The Canadian Broadcasting Corporation (CBC) announced it will temporarily cease its Twitter activities, following its labelling by the platform as “government-funded media.”
The CBC, which received more than $1.2 billion in federal government funding in the 2021-22 fiscal year, said it rejects the labelling.
“Twitter’s own policy defines government-funded media as cases where the government ‘may have varying degrees of government involvement over editorial content,’ which is clearly not the case with CBC/Radio-Canada,” CBC’s director of media relations Leon Mar told The Epoch Times in an email on April 16.
The CBC is not the first outlet to leave the site after being given a “government-funded media” label.
On April 12, National Public Radio (NPR) in the United States announced its organizational accounts would no longer be active on Twitter after it was given the label.
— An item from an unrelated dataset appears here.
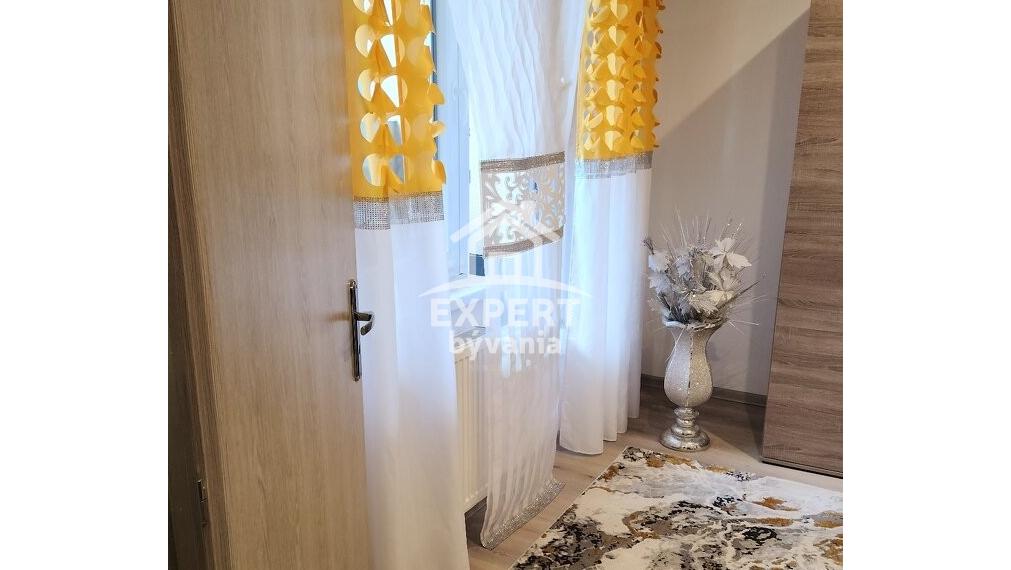 🏡 Na predaj kompletne zrekonštruovaný a zariadený 2-izbový byt v centre Prešova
NPR said Twitter was “taking actions that undermine our credibility by falsely implying that we are not editorially independent.”
A day later on April 13, the U.S.’s Public Broadcasting Service (PBS) also announced it would quit Twitter after being labelled “government-funded media.”
The British Broadcasting Corporation (BBC) in the United Kingdom was also given a “state-affiliated media” label, which was later changed to “publicly-funded media” since it is funded via license fees. It has not announced its intention to leave the platform.